Mas vale o aviso: depressão, fobias, pânicos e quaisquer outros transtornos da mente, em geral, não constituem “frescura” , “piti” ou fraqueza de caráter. Busque ajuda com profissionais competentes, que “entrem no seu barco” e o ajudam a sair dessa tempestade, desse furacão de queixas, problemas e dificuldades. Chegar à terra firme, encontrar soluções exige maturidade e uma nova visão de si e dos demais.
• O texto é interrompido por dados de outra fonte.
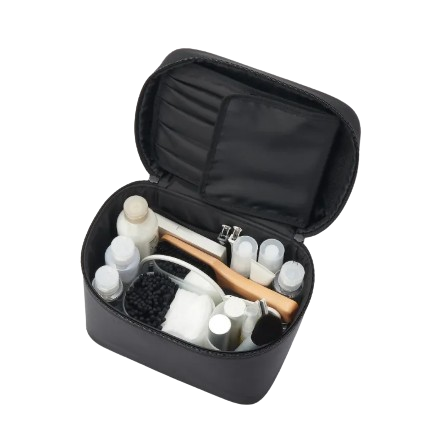 Nylon Makeup Box 2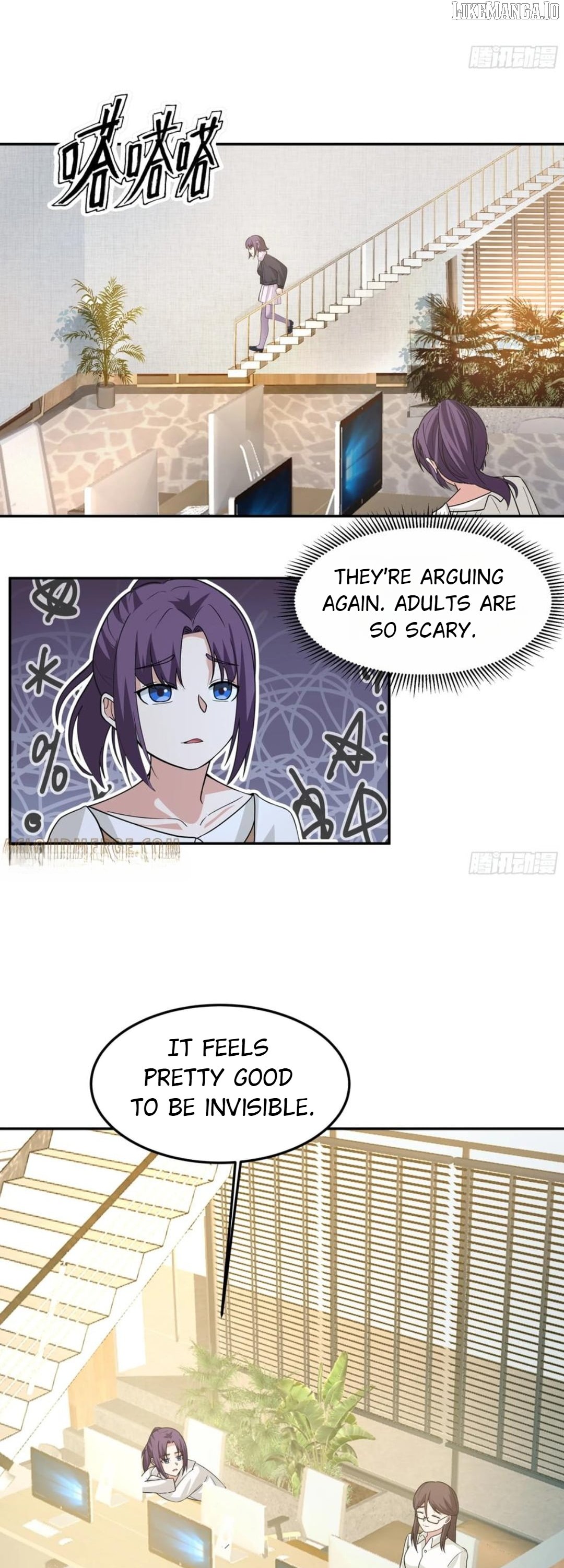 Chapter 440 - Image 22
Quando isso acontecer, você será brindado com uma sensação permanente de bem-estar, equilíbrio e alegria de viver. Tudo valeu a pena, ainda que vida seja uma sucessão ininterrupta de desafios numa busca constante de aprendizado, adaptação e aperfeiçoamento.
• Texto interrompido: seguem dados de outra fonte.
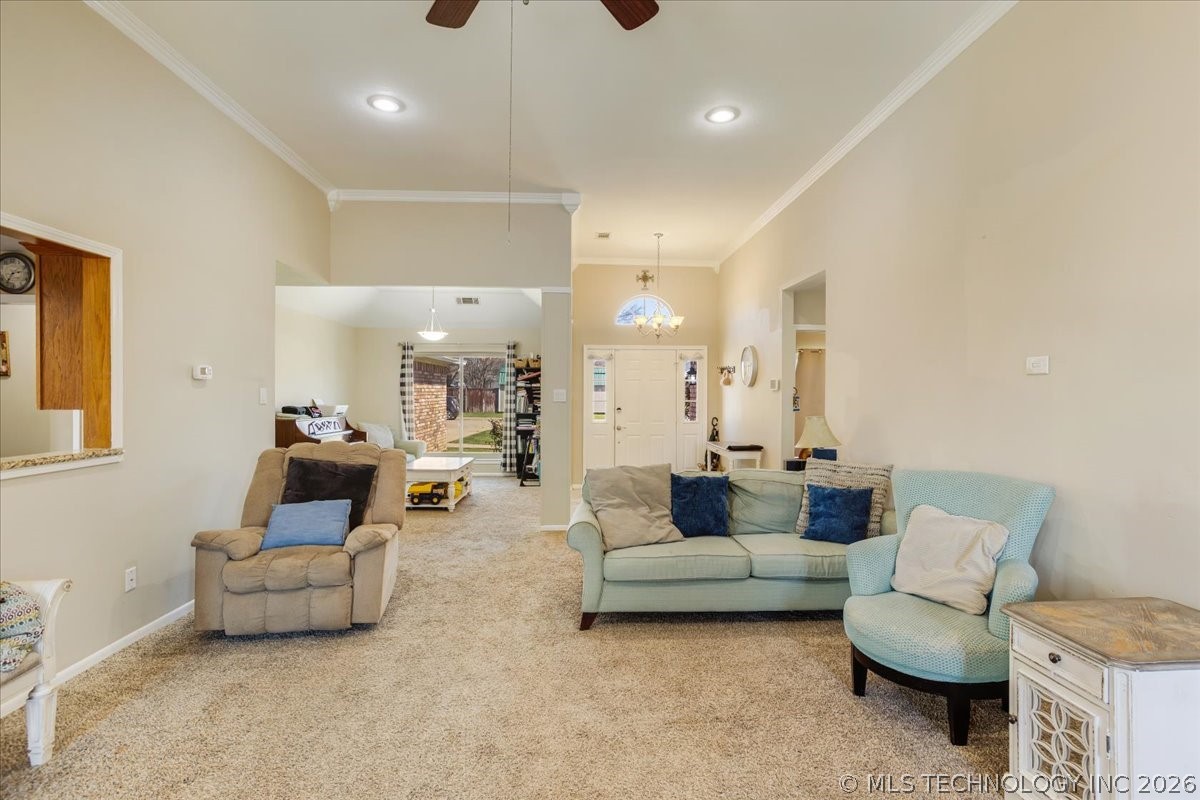 3007 N 12th Avenue Durant OK 74701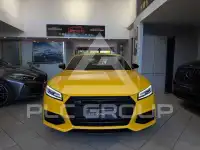 2016 Audi TT
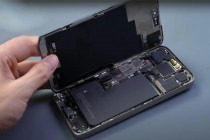 Thay pin iphone 15 Pro,15 Plus giá rẻ tại Đà Nẵng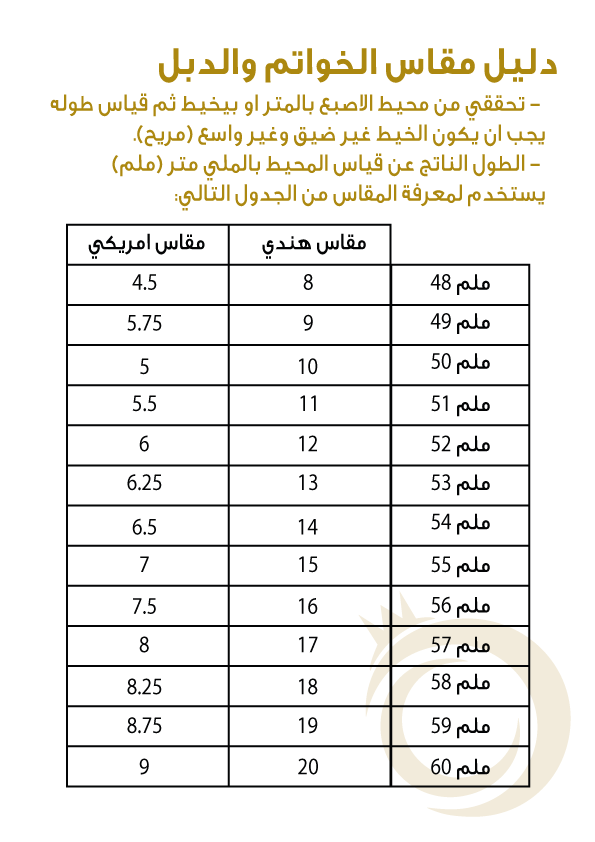 خاتم كارتير | CARTIER عيار 18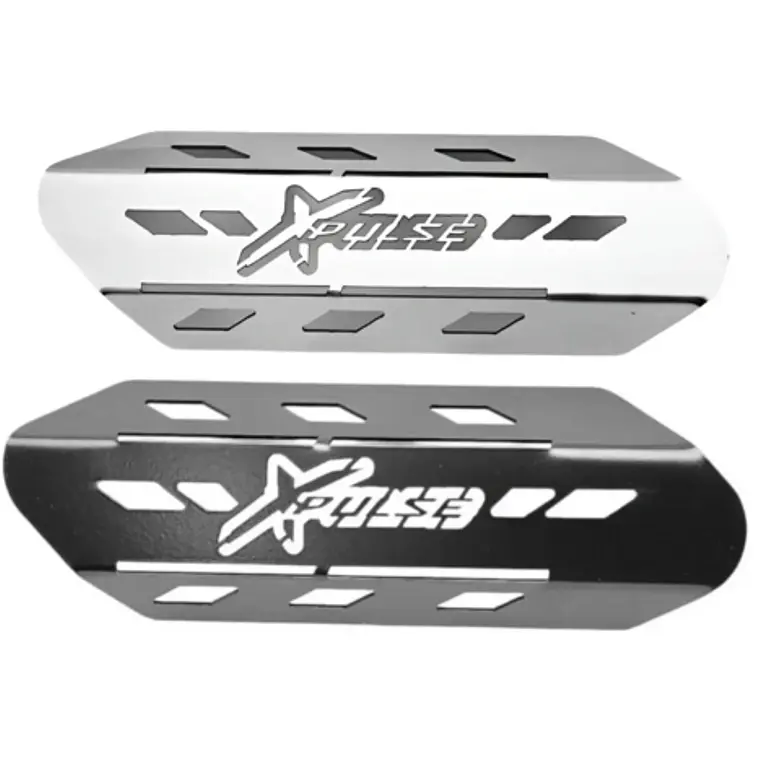MOFLE MINI XPULSE 200 1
Diante da polêmica em torno do sofrimento físico e/ou psíquico vale considerar alguns pontos:
• Erram os médicos que são radicalmente organicistas – buscando apenas no plano biológico a razão de todos os males espirituais. Falta-lhes a visão psicológica, afetiva e espiritual.
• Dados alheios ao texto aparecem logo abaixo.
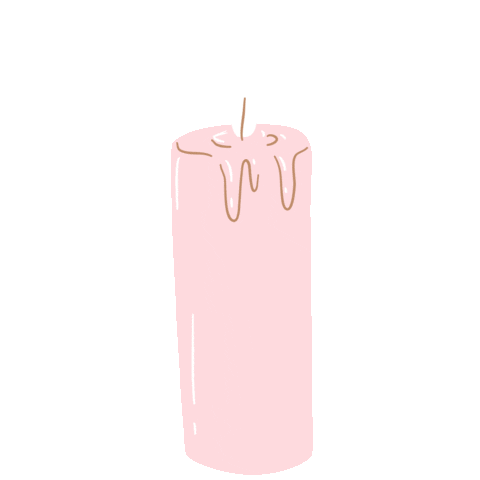 Beads with Love Sticker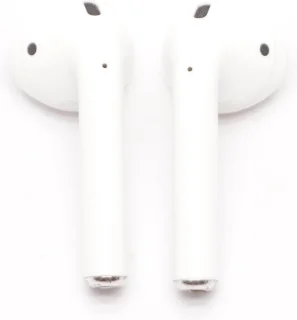 Lifegadgets 55-B Draadloze Oordopjes Wit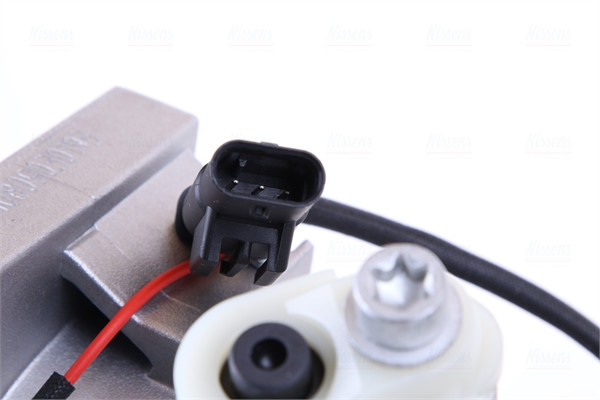 NISSENS Kompressor, Klimaanlage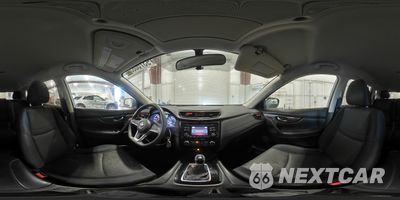 Zdjęcie 16 z 17 samochodu: 2017 NISSAN ROGUE S VIN:JN8AT2MV3HW012573 - miniatura
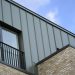 Zinc Cladding on Award Winning Extra Care Homes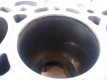 Ford Focus 2 2004-2011 Блок цилиндров (двигателя) QQDA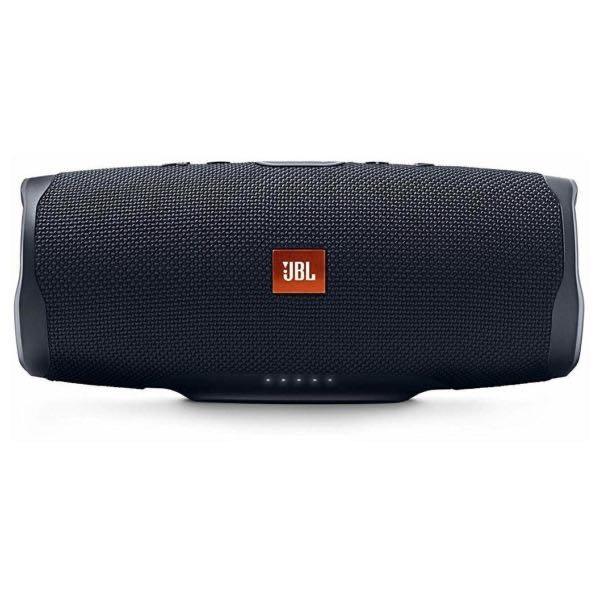 Bluetooth speaker (Category: Soundbars, Speakers & Amplifiers) located in Singapore. Submitted by rainbowcvs (Listing ID 1018457643, Image 1). Description: Output power 6W Bluetooth Version 5.0 Battery capacity 1200mah Support voice calls function micro USB charging port Support TF card, USB port, 3.5mm AUX Rechargeable battery Package contents: 1 Speaker 1 Micro USB charging cable #JBL #Speaker #Charge 3 #Charge 2 #Wireless speaker #Charge 4.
• Erram aqueles psicólogos, psiquiatras, terapeutas que tentam explicar tudo baseados em aspectos puramente psicológicos, ambientais, familiares, relacionais ou sociais. Falta-lhes a visão neurocientífica, que é essencial para se entender tais sofrimentos.
Quando é identificado um fator objetivo, um quadro depressivo ou ansioso ligado a uma disfunção biológica, é fundamental interferir cientificamente, pois nem sempre basta o incentivo de familiares e amigos ou a força de vontade de quem sofre desses males. Ou seja, se a depressão ou ansiedade está ligada a alguma alteração nos neurotransmissores cerebrais, na serotonina, dopamina, noradrenalina ou, é preciso, sim, lançar mão de exames, medicação ou ecologia humana.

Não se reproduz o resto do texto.